| TASK BRIEF |
Below are the records; print exactly the lines from the one with "Image result for Moduleization" through the last, both included, and leave the pictures out.

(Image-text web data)

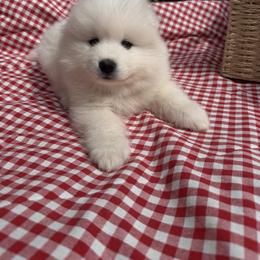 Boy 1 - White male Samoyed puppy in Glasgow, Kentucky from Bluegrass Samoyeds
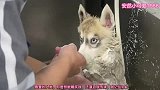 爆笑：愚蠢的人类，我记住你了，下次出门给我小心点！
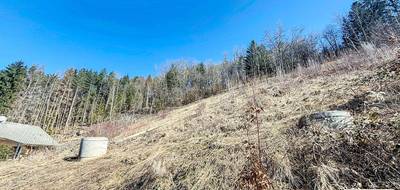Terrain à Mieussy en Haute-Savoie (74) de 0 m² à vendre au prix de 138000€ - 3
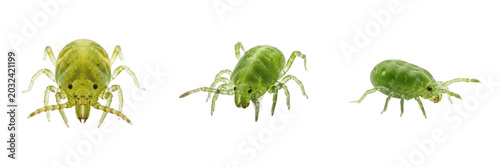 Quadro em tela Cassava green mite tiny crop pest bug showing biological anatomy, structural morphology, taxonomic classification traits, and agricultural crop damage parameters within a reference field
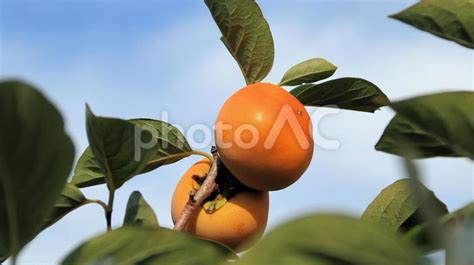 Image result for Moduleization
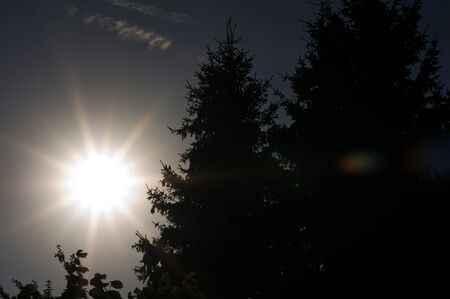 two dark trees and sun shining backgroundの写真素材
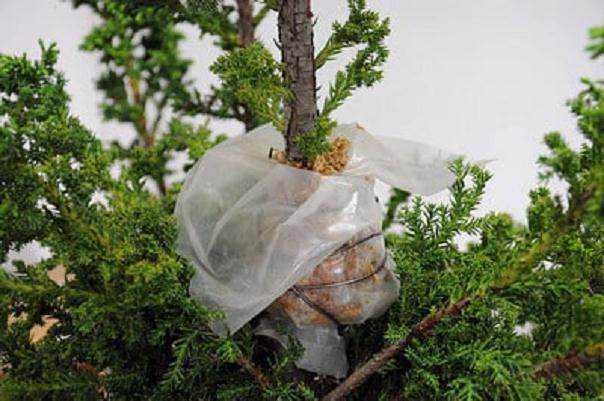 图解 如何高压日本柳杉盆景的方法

| RESPONSE |
 Image result for Moduleization
 two dark trees and sun shining backgroundの写真素材
 图解 如何高压日本柳杉盆景的方法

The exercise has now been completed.